- Task description: Reproduce exactly, with no pictures, each line from the opening of the material down through the line containing "Used 2014 Chevrolet Express 3500".

################

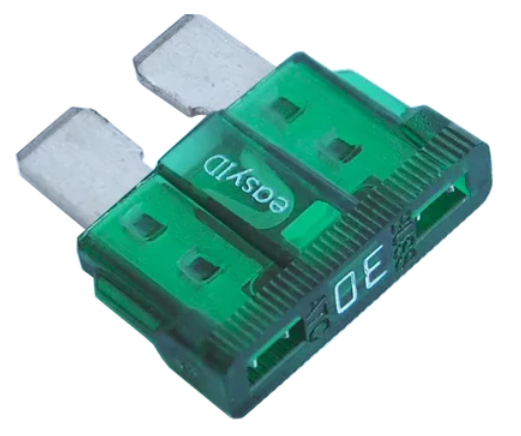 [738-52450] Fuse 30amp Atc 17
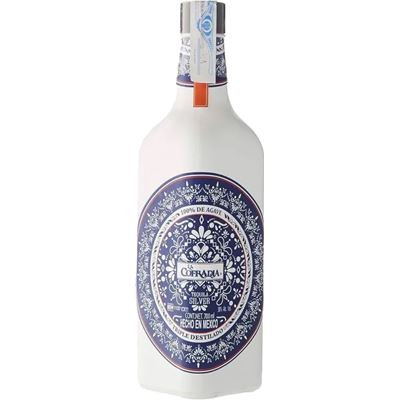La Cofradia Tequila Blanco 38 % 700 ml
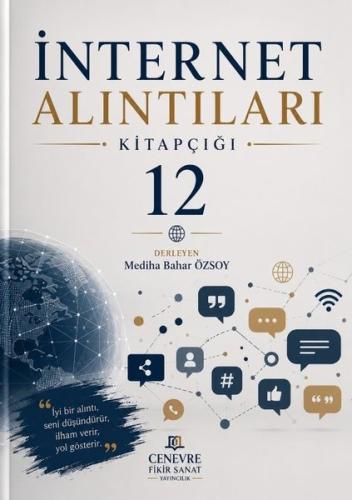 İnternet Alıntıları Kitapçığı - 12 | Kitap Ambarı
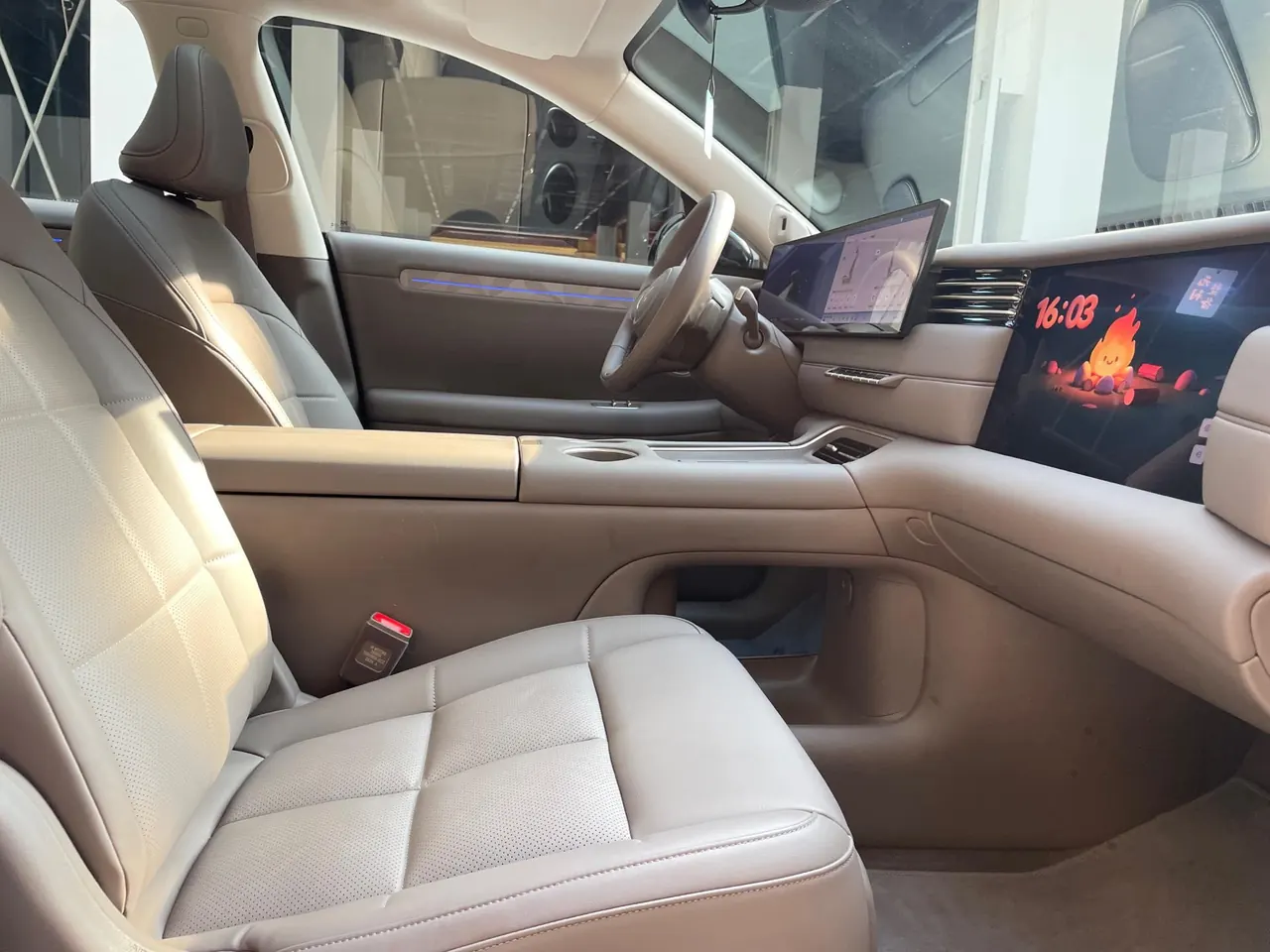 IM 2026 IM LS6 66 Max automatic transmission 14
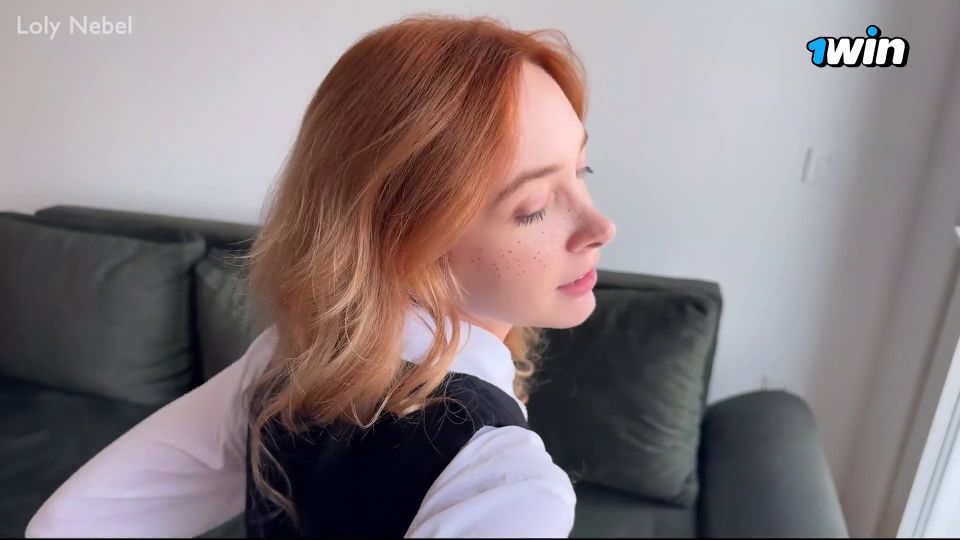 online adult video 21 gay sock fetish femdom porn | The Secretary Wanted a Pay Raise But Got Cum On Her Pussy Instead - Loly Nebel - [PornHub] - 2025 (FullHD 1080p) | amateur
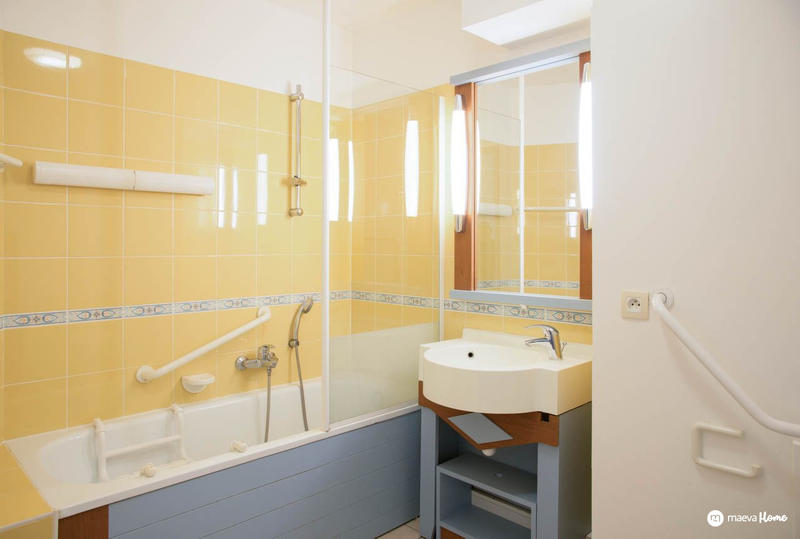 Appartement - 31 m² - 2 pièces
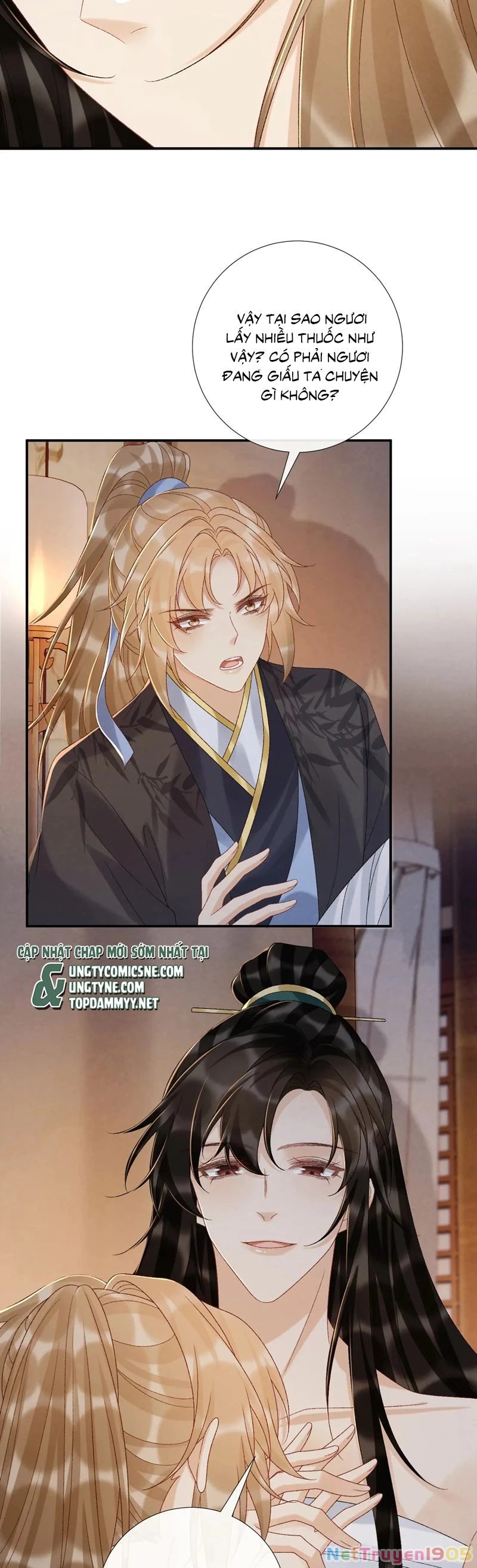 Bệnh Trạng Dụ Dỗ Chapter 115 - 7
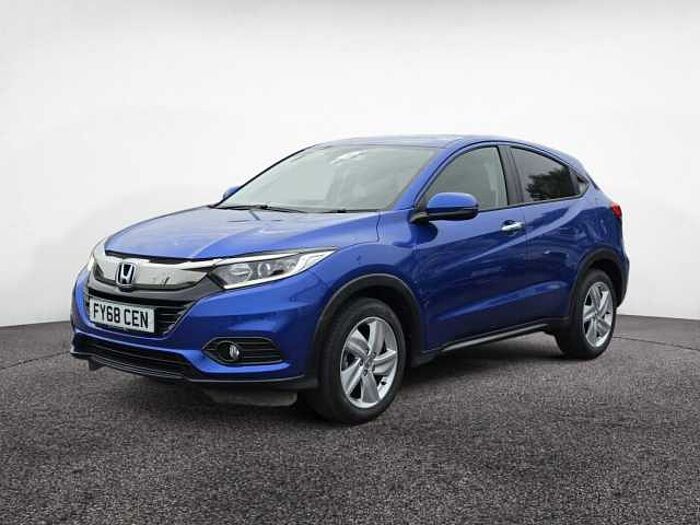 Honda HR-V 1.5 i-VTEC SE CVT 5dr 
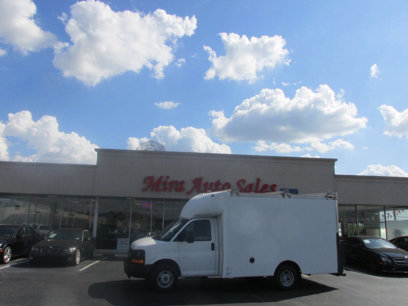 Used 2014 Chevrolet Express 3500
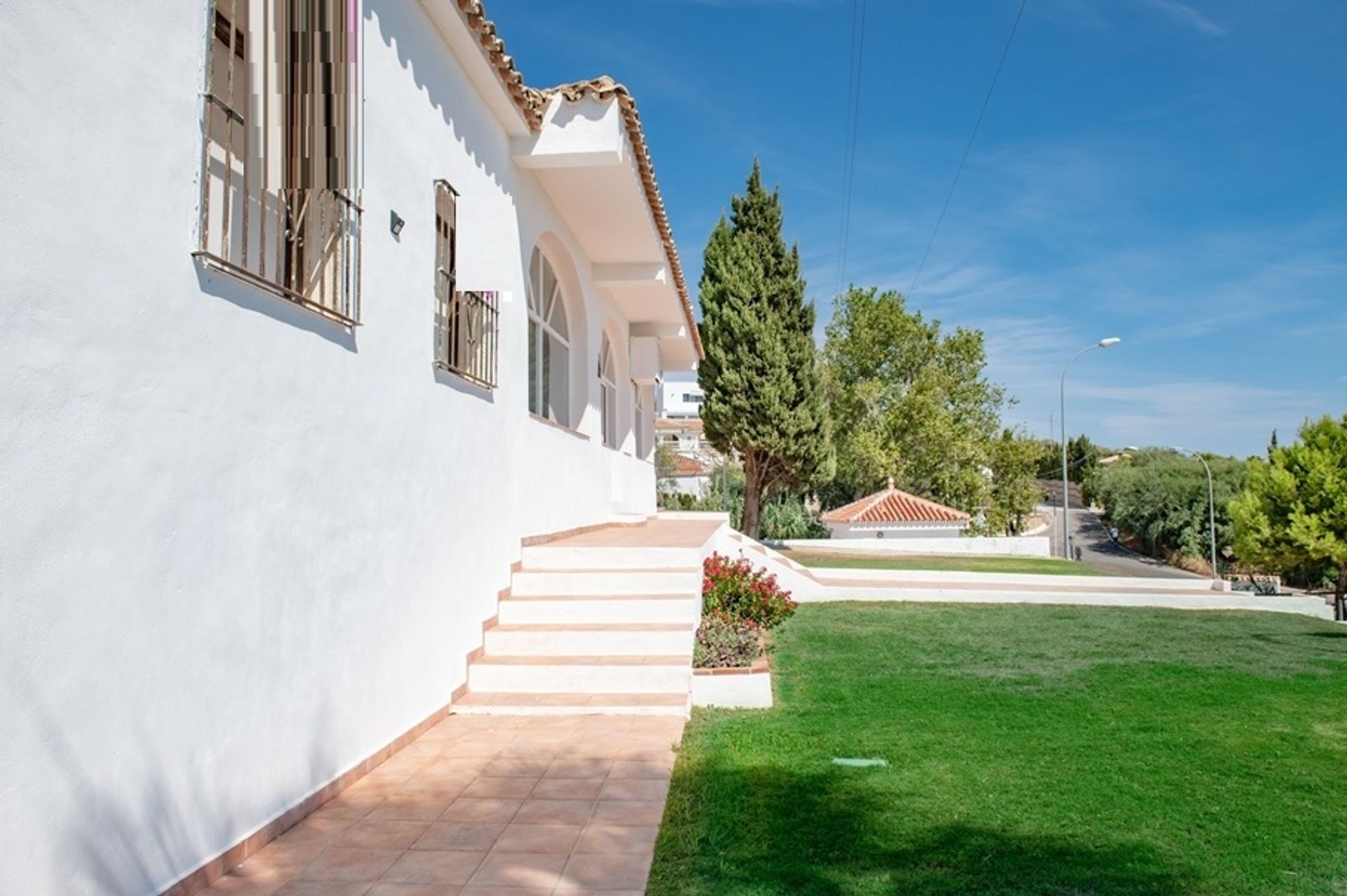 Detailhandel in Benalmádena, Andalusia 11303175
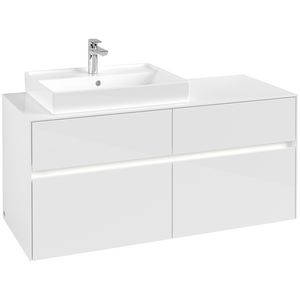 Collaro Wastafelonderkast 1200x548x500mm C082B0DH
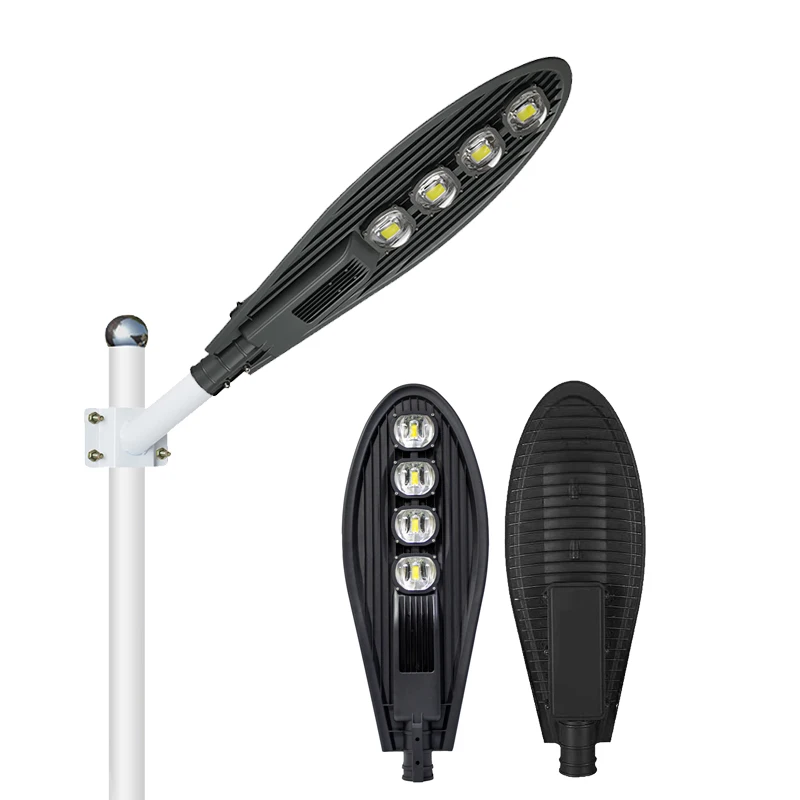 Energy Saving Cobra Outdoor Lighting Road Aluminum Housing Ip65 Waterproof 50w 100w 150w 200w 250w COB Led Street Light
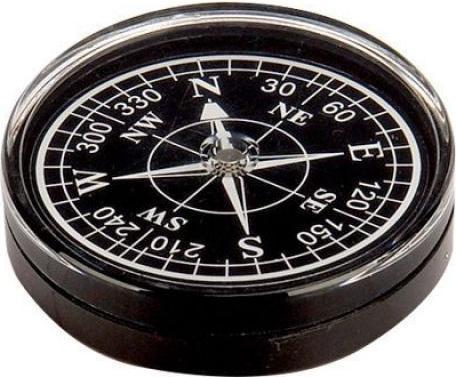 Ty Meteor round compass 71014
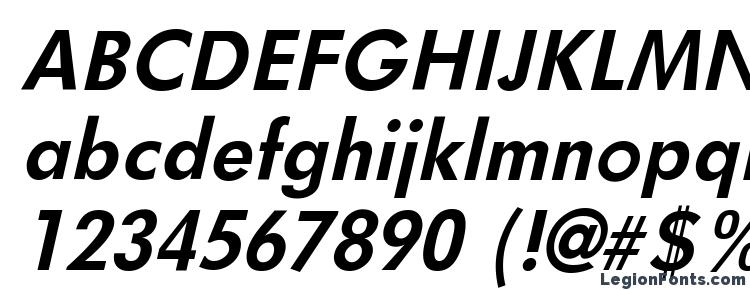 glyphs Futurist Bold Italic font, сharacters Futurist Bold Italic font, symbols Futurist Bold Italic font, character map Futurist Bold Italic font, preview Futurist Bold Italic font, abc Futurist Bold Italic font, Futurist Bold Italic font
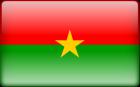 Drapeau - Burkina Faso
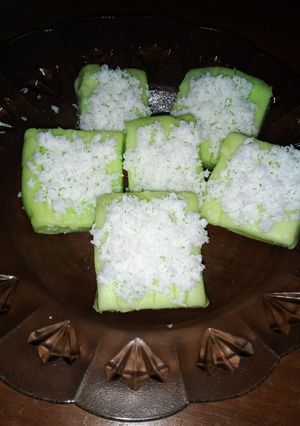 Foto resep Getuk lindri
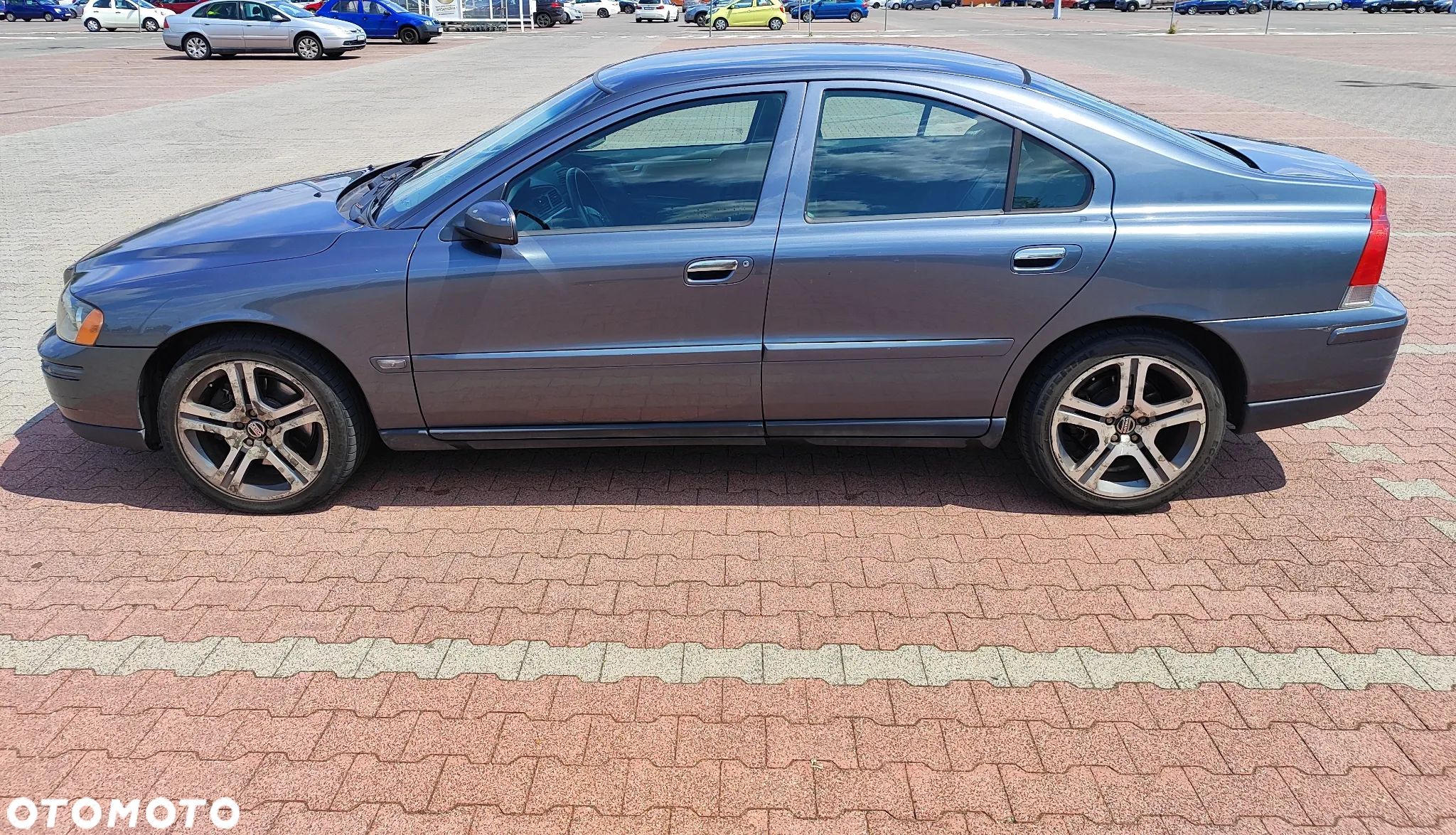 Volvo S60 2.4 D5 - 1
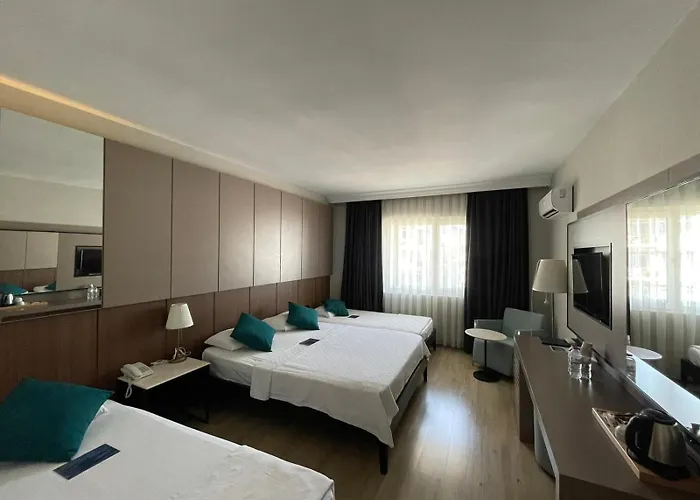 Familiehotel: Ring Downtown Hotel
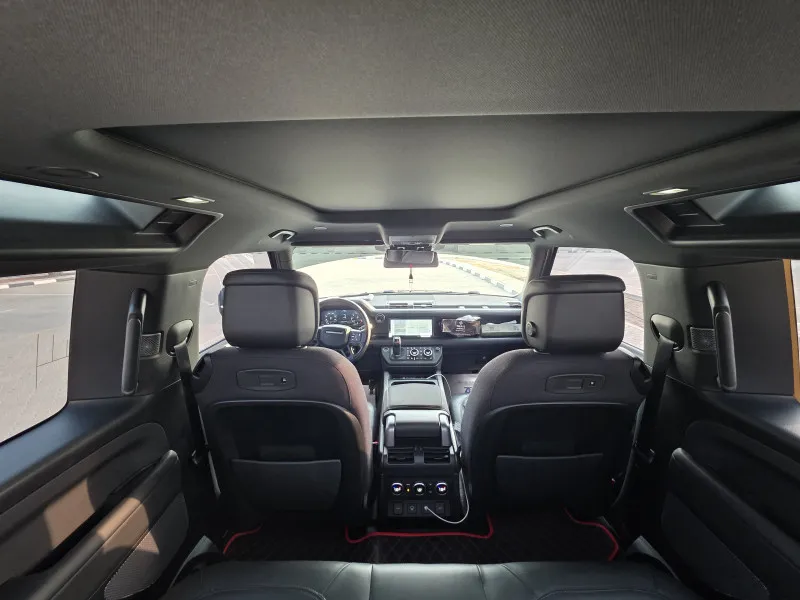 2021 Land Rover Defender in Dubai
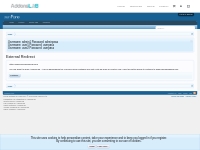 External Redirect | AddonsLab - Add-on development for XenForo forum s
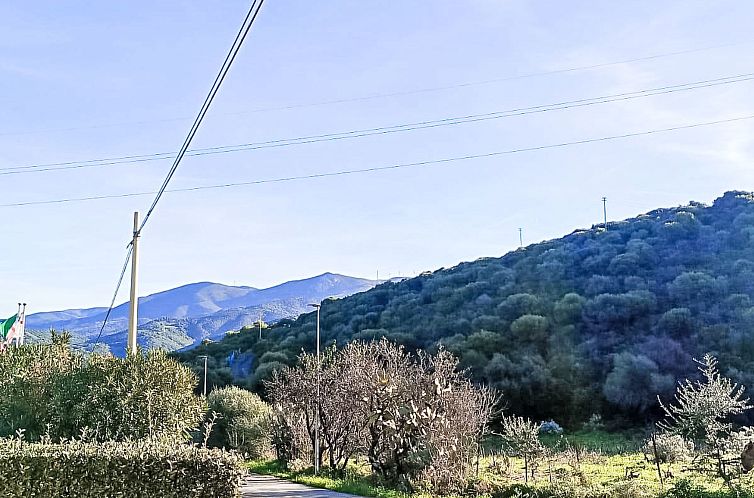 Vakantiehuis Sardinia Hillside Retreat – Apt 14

################

- Output:
 [738-52450] Fuse 30amp Atc 17
La Cofradia Tequila Blanco 38 % 700 ml
 İnternet Alıntıları Kitapçığı - 12 | Kitap Ambarı
 IM 2026 IM LS6 66 Max automatic transmission 14
 online adult video 21 gay sock fetish femdom porn | The Secretary Wanted a Pay Raise But Got Cum On Her Pussy Instead - Loly Nebel - [PornHub] - 2025 (FullHD 1080p) | amateur
 Appartement - 31 m² - 2 pièces
 Bệnh Trạng Dụ Dỗ Chapter 115 - 7
 Honda HR-V 1.5 i-VTEC SE CVT 5dr 
 Used 2014 Chevrolet Express 3500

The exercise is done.